Короткое, обрывочное прощание. Тайком выходит Персиваль, Монтессори тепло прощается с королевой и желает ей счастья, Монтегю… Агата тоже вышла – рыдает, шепчет о несчастье, но Гвиневра не понимает, что речь идет об аресте ее отца.
-Это не конец. – Ланселот пожимает руки, три или четыре раза уже Моргане и никак не может оставить все. Оставить разом.
-Пора, - торопит Мерлин, тоже вышедший на прощание. – Будьте счастливы.
И уже тихо, серьезно добавляет Ланселоту:
-Кармелид арестован. Мы…будем скоро у вас. Посмотрим.
-хвала небесам. – тихо отзывается Ланселот. И снова…прощание, тяжкое…
Уходит дорога. Дорожная пыль смешивается с рассветной дымкой, с холодом. Моргана стоит, наблюдая за повозкой, которая уже скрылась вдали, за поворотами и все же не может вернуться в замок.
-надо идти, - зовет ее Мерлин и оба остаются стоять, глядя вдаль.
Проходит примерно четверть часа прежде, чем эти двое, простояв в молчании сблизившись больше, чем за все время их знакомства, идут, наконец, в замок.
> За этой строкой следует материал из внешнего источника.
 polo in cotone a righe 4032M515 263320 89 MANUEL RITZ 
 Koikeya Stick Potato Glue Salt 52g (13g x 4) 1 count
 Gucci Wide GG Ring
Моргана и Мерлин идут к Артуру – находят его в его собственных покоях, пьяного, жадного до любви, до отыгрыша, до возмездия и не желающего при этом одновременно, ни любви, ни победы, ни мести…
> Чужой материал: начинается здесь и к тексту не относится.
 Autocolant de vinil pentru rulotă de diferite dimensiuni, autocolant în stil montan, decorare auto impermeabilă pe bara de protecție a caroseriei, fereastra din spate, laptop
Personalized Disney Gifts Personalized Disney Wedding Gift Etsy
-Это будет…тяжело, - выносит вердикт Мерлин, пока короля тошнит на его же собственную постель, а Моргана пытается посчитать опустевшие бутылки.
А повозка едет, увозя по дороге разбитых грез двух любящих друг друга людей, изранивших любовью этой и себя, и других. Впереди – время… впереди исцеление и терпение друг к другу, впереди новый мир и ждущий их в землях Кармелида Мелеагант со своей женою – Лилиан и другом – графом Уриеном Мори…
В Камелот пришли тёмные времена. Монтессори выражался литературно и заявлял, что это «тяжёлый период для народа, который нужно преодолеть, объединившись всем», Моргана говорила короче и грубее. Она не считала, что у народа проблемы, выражая своё мнение, что народ живёт так, как жил и раньше, ну с небольшими колебаниями, а вот в самом центре, в замке Пендрагона всё действительно хуже. Прошло две недели с прилюдного разоблачения Гвиневры и Ланселота, с их отъезда, или вернее даже, бегства в земли герцога Кармелида, и вроде бы шепоты даже уже затихали, во всяком случае, оказалось, что обсуждать павшую королеву и рыцаря не так интересно на долгой основе – тема была ясная, и ничего особенного не произошло, но всё же атмосфера царила мрачная. Король, например, пил. Пил много, жадно, не жалея никого кругом. Всё правление полностью легло на плечи Морганы, Монтессори и Мерлина, решившего, что здесь он нужнее, чем принцу де Горру. «Союз трёх М воссоединился!» - злобно шутили в коридорах, но даже шутки эти произносились тихо, не приведи небо, кто-нибудь из этой троицы услышит – не оберешься проблем. Кому захочется ссориться с друидом, коварным советником или феей? Только самоубийце или идиоту, а запас таковых не был в Камелоте большим.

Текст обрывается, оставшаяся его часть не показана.